What I was wondering was whether the support of layernorm was exclusive to onnx parser workflows (as from the groupnorm example, the onnx conversion seems more robust for decomposition of layers) or also applicable to QAT workflows via tflite.

I can’t comment on the tflite route, but the onnx route is dependent on the onnx opset version. Any opset before 17 will result in a decomposed LayerNorm and any opset before 18 will result in a decomposed GroupNorm.

For LayerNorm, both the decomposed and onnx op version are supported. The compiler looks for either the plain LayerNorm op or a specific chain of decomposed ops. Because GroupNorm is not supported, the specific chain of ops for GroupNorm is not being searched for.

Would it be possible to confirm layernorm is also supported on the tflite route, so that QAT would be possible?

The QAT support shouldn’t be necessary to go through the tflite translation route, if you’re referring to the QAT guide in the DFC manual (Section 4.7).

The HAR format is based on either TFLite/Keras, when an ONNX is translated, the layers are automatically translated into HN Layers which are from what I remember wrapped TFLite/Keras layers.

You should be able to export the keras model via runner.get_keras_model() in order to do QAT, even with the ONNX route.

Disclaimer: I am not part of the Hailo team, this is information I’ve been able to pick up through extensive use of DFC.

Hey @Byung_Hoo_Park ,

Welcome to the Hailo Community!

You’re not stuck with just the ONNX route for LayerNorm! The Dataflow Compiler actually recognizes and quantizes LayerNorm properly when you use the TensorFlow/TFLite path too, including with QAT workflows.

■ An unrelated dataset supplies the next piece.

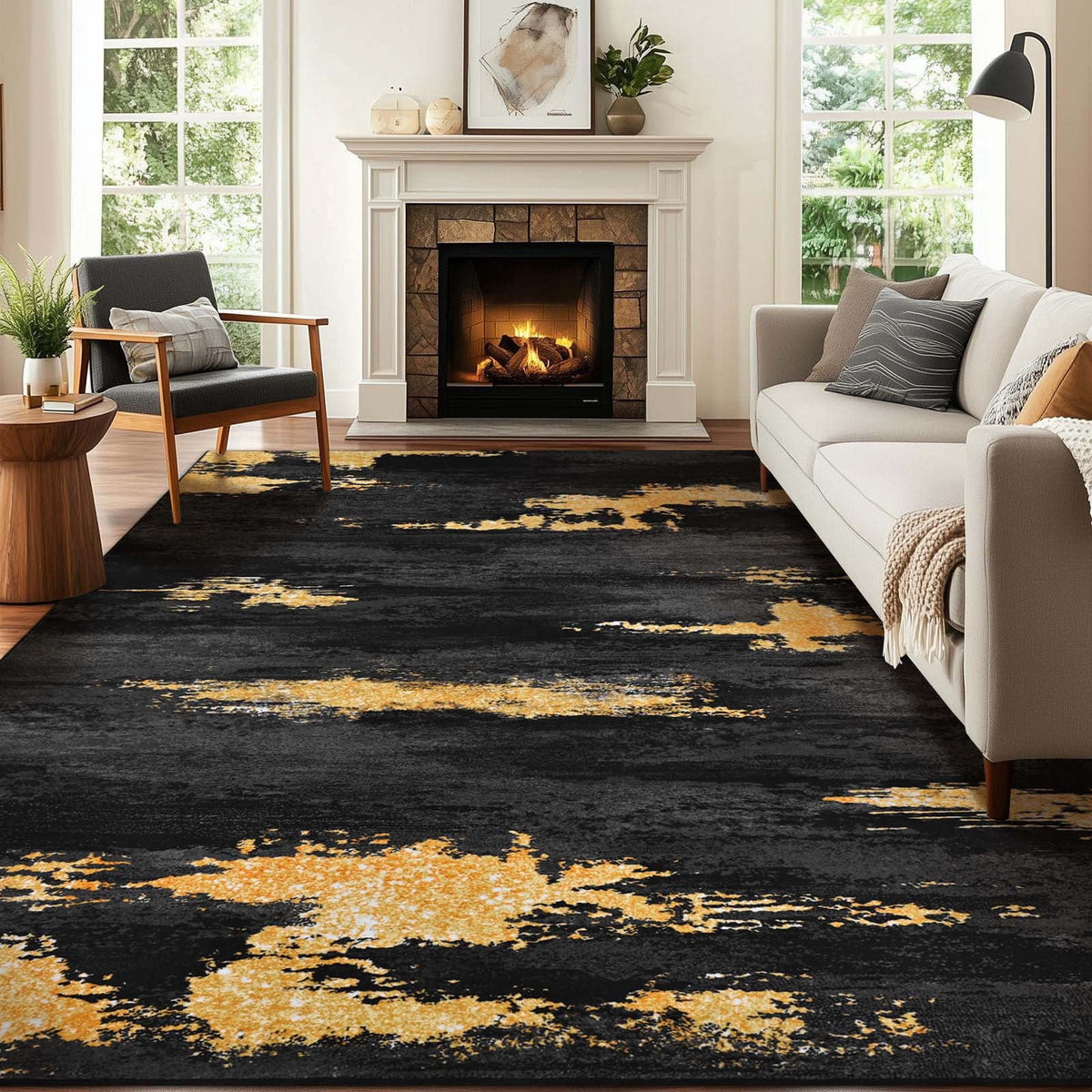 Bleum Cade 8'x10' Area Rugs for Living Room, Washable Rugs Modern Rugs for Bedroom Dinning Room,Abstract Rug Ultra Soft Non Slip Durable Large Carpet Home Decor, Black Gold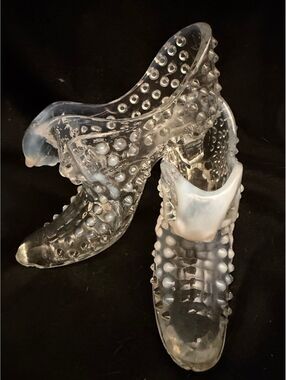 Clear glass slipper pair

LayerNorm works great in TFLite - The TensorFlow/TFLite parser treats LayerNorm as a proper “block” even when it gets broken down into smaller operations. If you check the “Supported Tensorflow Layers” table, you’ll see Layer Normalization listed as “Translated as a block of several Hailo layers.”

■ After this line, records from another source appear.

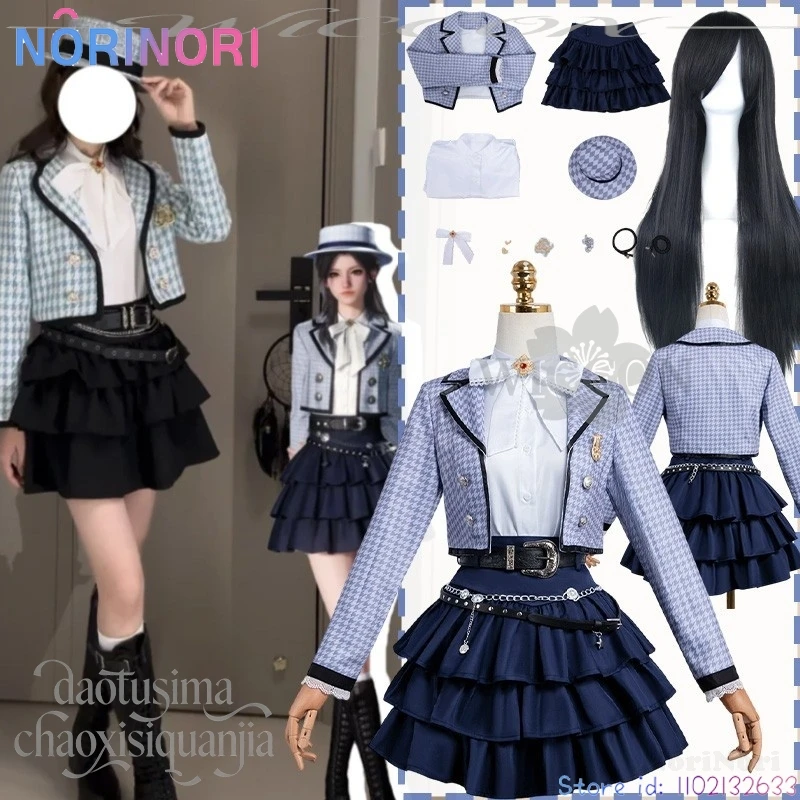 

Anime Game Love And Deepspace Cosplay Female Lead Uniform Houndstooth Short Elegant Short Jacket Short Dress Hat Halloween Party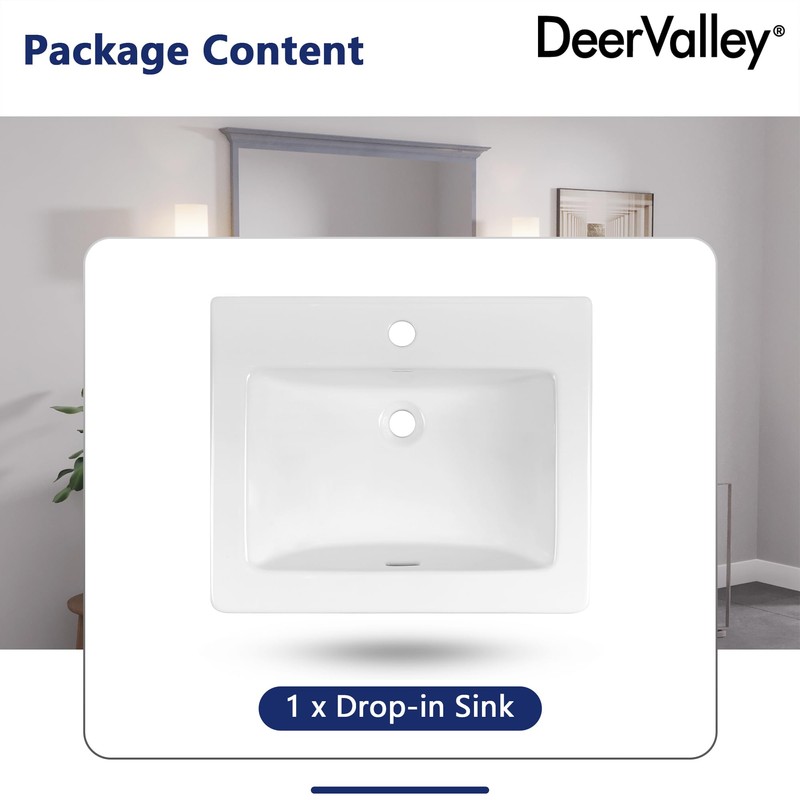 DeerValley 21"x18" Drop-In Bathroom Sink Ceramic Rectangle Vessel Sink with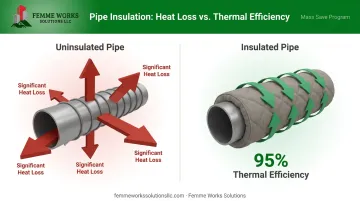Comparison infographic showing heat loss on uninsulated vs insulated heat-traced pipes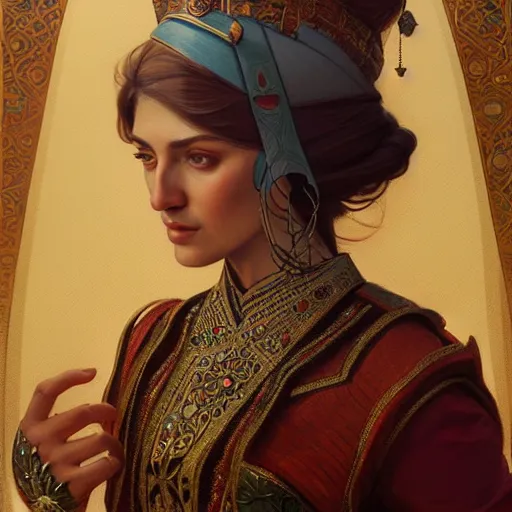 Image similar to ceren sungur portrait of ottoman sultan gog, female, clear face, symetrical, masculine, full body, 4 k, fantasy, intricate, elegant, highly detailed, digital painting, artstation, concept art, matte, sharp focus, illustration, art by artgerm and greg rutkowski and alphonse mucha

Better QAT support - We have specifically improved how LayerNorm gets quantized, so your QAT-trained models with LayerNorm should have much better accuracy after quantization.

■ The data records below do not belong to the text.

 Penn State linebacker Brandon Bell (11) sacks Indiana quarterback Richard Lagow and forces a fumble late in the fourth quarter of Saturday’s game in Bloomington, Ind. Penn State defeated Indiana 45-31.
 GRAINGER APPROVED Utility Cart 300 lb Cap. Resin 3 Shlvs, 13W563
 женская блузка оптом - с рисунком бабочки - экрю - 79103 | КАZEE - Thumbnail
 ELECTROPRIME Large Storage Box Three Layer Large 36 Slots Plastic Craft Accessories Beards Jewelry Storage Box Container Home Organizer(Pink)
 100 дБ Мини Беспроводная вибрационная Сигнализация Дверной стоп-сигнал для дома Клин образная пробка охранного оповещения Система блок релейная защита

I’ve also inspected hailo_sdk_client/model_translator and I could find a definition for a layernorm layer in hailo, although not a ‘lookup’ of the graph which specified the exact layers it would search for to identify a layernorm layer, though this may be a mistake on my part.

I’ve created a tflite file with layernorm, and it has decomposed it as can be seen in the image.

When I try to parse this, multiple ‘unsupported layer’ error pops up such as:
Mean operations that attempt to reduce the tensor across the batch, height, and width axes simultaneously (axis=[0, 1, 2]).
Unsupported SquaredDifference Operation
The parser fails on the specific Reshape and Transpose operations used within the LayerNormalization block, flagging them as an UnsupportedShuffleLayerError

I believe this indicates that the parser failed to identify the set of operations as a ‘layernorm block’.

Hailo Dataflow Compiler: 3.31.0

TensorFlow: 2.12.0

Keras: 2.12.0

Python: 3.10

NumPy: 1.23.3

NVIDIA Driver: 528

CUDA Toolkit: 11.8

cuDNN: 8.9

Operating System: Ubuntu 22.04 (on WSL2)

Is it that the decomposed pattern is somehow slightly different, or is it the precise method of layernormalization (I found in layer_normalization.py in hailo sdk client that ‘axes’ defaults to [3] - feature)?